Seminar addresses technical issues affecting U.S. pork exports to Latin America.


Source: U.S. Meat Export Federation (USMEF)

via National Hog Farmer - May 08, 2019


Latin America is a rapidly growing region for U.S. pork exports, but some individual markets present unique challenges for U.S. exporters. To help its members better understand and overcome these obstacles, the U.S. Meat Export Federation recently conducted an educational seminar for companies exporting pork to Mexico, Central America, South America and the Dominican Republic. Held in Laredo, Texas, with support from the National Pork Board, the seminar included tours of cold storage facilities and a freight-forwarding company serving the Laredo area.

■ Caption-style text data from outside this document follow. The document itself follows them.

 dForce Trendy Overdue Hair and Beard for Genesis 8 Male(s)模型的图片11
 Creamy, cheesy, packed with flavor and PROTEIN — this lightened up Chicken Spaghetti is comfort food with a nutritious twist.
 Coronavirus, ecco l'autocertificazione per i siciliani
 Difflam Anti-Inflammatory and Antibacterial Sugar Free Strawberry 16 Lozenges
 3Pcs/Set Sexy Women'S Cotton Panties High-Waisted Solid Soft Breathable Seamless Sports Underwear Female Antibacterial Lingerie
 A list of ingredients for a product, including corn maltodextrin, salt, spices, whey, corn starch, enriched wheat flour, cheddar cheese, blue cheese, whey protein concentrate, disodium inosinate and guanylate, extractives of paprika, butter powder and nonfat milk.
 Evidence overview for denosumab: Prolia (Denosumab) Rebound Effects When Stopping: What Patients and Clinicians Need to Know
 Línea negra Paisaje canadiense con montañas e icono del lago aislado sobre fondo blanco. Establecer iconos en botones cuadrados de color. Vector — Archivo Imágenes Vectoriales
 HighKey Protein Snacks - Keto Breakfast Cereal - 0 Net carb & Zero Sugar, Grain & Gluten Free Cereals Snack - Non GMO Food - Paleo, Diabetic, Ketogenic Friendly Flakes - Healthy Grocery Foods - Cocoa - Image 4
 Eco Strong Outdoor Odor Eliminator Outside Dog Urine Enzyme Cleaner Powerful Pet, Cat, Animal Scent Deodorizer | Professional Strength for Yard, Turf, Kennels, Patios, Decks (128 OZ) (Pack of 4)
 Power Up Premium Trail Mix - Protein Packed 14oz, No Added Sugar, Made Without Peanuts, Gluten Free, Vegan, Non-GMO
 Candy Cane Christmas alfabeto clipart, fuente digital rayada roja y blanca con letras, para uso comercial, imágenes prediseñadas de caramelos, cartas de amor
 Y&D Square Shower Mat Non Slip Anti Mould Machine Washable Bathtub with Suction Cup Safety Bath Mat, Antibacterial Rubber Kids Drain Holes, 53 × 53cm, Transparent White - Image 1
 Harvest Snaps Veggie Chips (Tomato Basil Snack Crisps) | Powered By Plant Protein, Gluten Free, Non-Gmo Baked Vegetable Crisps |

Cheyenne McEndaffer, USMEF director of technical services/access, explains that the seminar was specifically designed for personnel directly involved in export transactions and responsible for ensuring prompt movement and delivery of their companies’ products,


“Most of our interaction with USMEF member companies is with the international sales staff, and we have a lot of discussions with them on high-level market access issues,” she says. “But we really wanted to have a seminar dedicated to people working in areas such as logistics, warehousing and document preparation. This was an opportunity to provide them with valuable information that they can share with their colleagues, and now they know that they can reach out to USMEF on technical challenges they face in a range of international markets.”


Alejandra Valdez, a veterinarian who serves as USMEF’s Mexico City-based technical services manager, identified and explained technical issues that frequently confront exporters serving Mexico and Central America.


“Mexico imports exceptionally large volumes of U.S. pork and for the most part the process runs smoothly,” she says. “But the Mexican government can be very tough on labeling and documentation, so these were topics heavily emphasized in this seminar. Mexico also has very high turnover among its inspection personnel, so it is definitely in the U.S. industry’s interest to minimize documentation errors and ensure that everything is in order before product leaves the exporting establishment.”


Valdez also walked participants through requirements and potential pitfalls for exporters serving Central America, placing a particular emphasis on Guatemala, Honduras and Panama...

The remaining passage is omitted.